How to prove this by induction?

Question

The sequence ${u_n}$ is given by the recurrence relation

$u_{n+1}=u_n-2 $ for n = 1,2,3, ...,

and the initial term $u_1=-1$

Prove by induction that $\sum^m_{n=1} u_n = -m^2$ for att $m\geq 1$

I get stuck in the induction step.

Answer 1

Clearly the result holds for $m=1:$ $\sum_{n=1}^{1}u_n=u_1=-1=-1^2$.

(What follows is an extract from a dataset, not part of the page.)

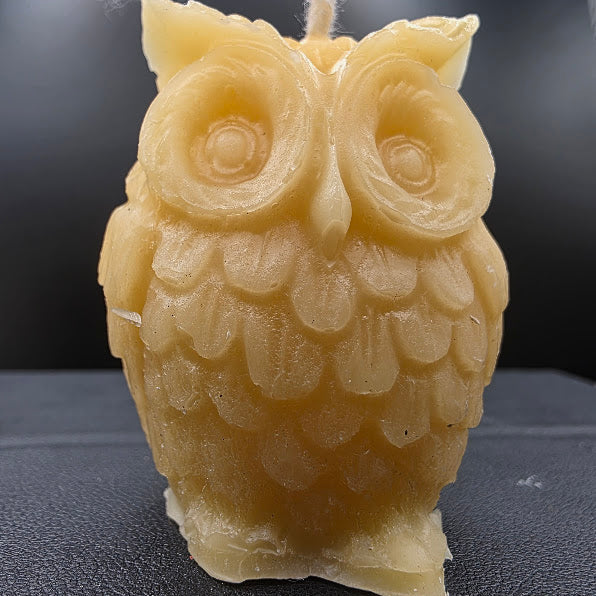 Beeswax owl candle on a dark background.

Assume the result holds for $m=k$ for some $k\in \mathbb{N}$. Then $$\sum_{n=1}^{k}u_n=-k^2.$$

Consider when $n=k+1$. We have $u_k=-2k+1$ and so $$\begin{align} \sum_{n=1}^{k+1}u_n&=u_{k+1}+\sum_{n=1}^{k}u_n \\ &=(u_k-2)-k^2 \\ &=-2k-1-k^2 \\ &=-(k+1)^2. \end{align}$$

Hence the result holds by induction.

Answer 2

First of all show $u_n=-2n+1$ for all $n$

Then you have $$\sum_{n=1}^{m+1} u_n=\sum_{n=1}^m u_n+u_{m+1}=-m^2+u_m-2=-m^2-2m+1-2=-m^2-2m-1=-(m+1)^2$$